А ночью… разом встал весь почепский жальник. И обережный круг от вурдалаков не спас. Люди тряслись по домам, слыша рык и глухое топанье мертвых ног. Нечисть не смогла войти в избы и выманить Зовом людей. Спасли заговоренные ладанки. Но мертвяки перегрызли, передавили и распугали всю скотину. Испуганно ржали лошади, мычали коровы, визжали псы. Люди в избах плакали и молились, но Благии не слышали причитаний. И вурдалаки скреблись под окнами, стучались в двери, шептали, рычали, звали живых глухими скрежещущими голосами, перебирая каждого поименно.
Лишь когда звезды стали бледнеть, нечисть, пьяная от крови, подалась прочь, перерыкиваясь, огрызаясь друг на друга…
С восходом солнца, оглохшие от ужаса и навалившейся беды, люди вышли на разоренные дворы…
Плакали хозяйки, скорбно и зло молчали мужчины, испуганно жались к взрослым дети. На залитых кровью улицах валялись разодранные обглоданные туши. Женщины причитали, узнавая в бесформенных кучах падали вчерашних кормилиц — Пеструшек и Нарядок. Как теперь жить?
Ни одной коровы не осталось, ни одной лошади! Кур, и тех не сыскать! А ворота стоят распахнутыми и, ежели не затворить черту, завтра снова подымутся вурдалаки, снова придут бродить под окнами, пугать людей, громыхать на подворьях, в бессильной голодной злобе грызть пороги домов, бить мертвыми руками в двери…
Одиней растерянно озирался, не зная, как теперь совладать с бедой. Бабы тихонько выли. Мужики, парни, старики ходили бледные, как навьи, все надеялись сыскать кто лошадь, кто пса, кто хоть козу заблудшую. И каждый понимал: они, хотя сегодня и живы, но все равно что мертвые. Чем семьи кормить? Все сгибло. А туши надо закопать, пока не начали смердеть. Есть опоганенное, тронутое Ходящими мясо никто не станет. И страшно билась в головах единая мысль: "Голод…"
Как от него спастись? Уйти к единоверцам — в соседние деревни? Бросить дома? Но кто ж приютит столько лишних ртов? Ну, день, другой, ну, седмицу, вторую, а рано или поздно придется уходить. Да и кто захочет из своего дома хозяином уйти, а в чужой войти приживалой? А куда еще податься? Черта обережная нарушена. Креффу Одиней отказал и теперь сторожевика звать — дело зряшное. Не пойдут обережники спасать тех, кто презрел правду и волю Цитадели.
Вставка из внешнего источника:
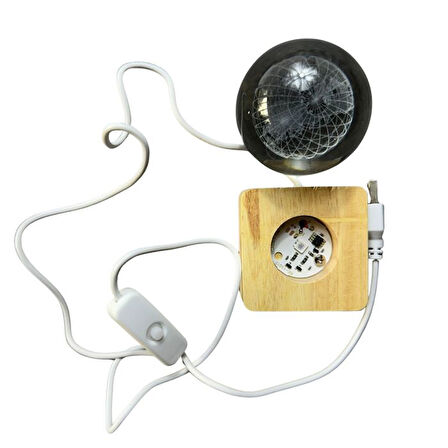 Uretti - Funda 1593 7720 Işıklı Ahşap Kare Kaideli Dünya Temalı Cam Küre / 6 Cm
Пока еще люди не сгибли — спасали ладанки на шеях, да и то вон у Гремяча в семье двое молодших чуть из кожи не выпрыгнули, к дверям рвались. Оберегов у детей не было, насилу мать с отцом и старшими в дому удержали — в погребе заперли. Да и вечные они, что ли, обереги-то?.. К весне и их сила растратится. Что тогда?
К горестно замершему старосте подковылял дед Амдор. Виновато отводя глаза, он прошамкал:
— Отдай свою девку колдунье, Одиней. Глядишь, оттает, не станет сердца держать, черту подновит.
— Побойся Благиев, Амдор, — сжал кулаки мужчина. — Срам такой!
— А упырем по лесам шататься — не срам? — зло ударил клюкой об землю старик. — Я помереть в своей избе хочу, чтоб колдун науз мне на шею вздел, отшептал и душу с миром отпустил. И сыновья мои с внуками не должны в закуп идти от дурости твоей. Коли Благии Майрико Даром осенили, так на то ихняя воля. Ее исполнить надобно. Отдай дуру свою. У тебя еще вон две таких же.
— Да ты ведь первый мне глаза этим колоть будешь! — задохнулся Одиней. — Станешь соотчичей отговаривать девок моих замуж брать, сыновей в рода принимать!
— А ты Майрико из рода извергни, — хитрый старик не желал уступать. — Будет она и тебе, и нам чужая. А чужую что ж не отпустить? Ступай за обережницей, в ноги падай, но чтоб к вечеру деревня кругом обнесена была, иначе тебя и твою семью первыми за тын вышвырнем. Глядишь, Ходящие вами нажрутся и нас не тронут.
Одиней нашел Бьергу в полуверсте от деревни у Горюч-ключа, как и говорила. Крефф жарила на углях обмазанную глиной рыбу и курила трубку.
— Никак пришел? — усмехнулась колдунья.
— Возьми девку мою, — глухо сказал Одиней, — только черту обережную верни. Не по совести это.
— Дочерью откупиться решил? — удивилась наузница. — Отчего ж не по совести? Вы со мной, как с собакой, и я с вами так же. Или ты думал, воздаяния не будет?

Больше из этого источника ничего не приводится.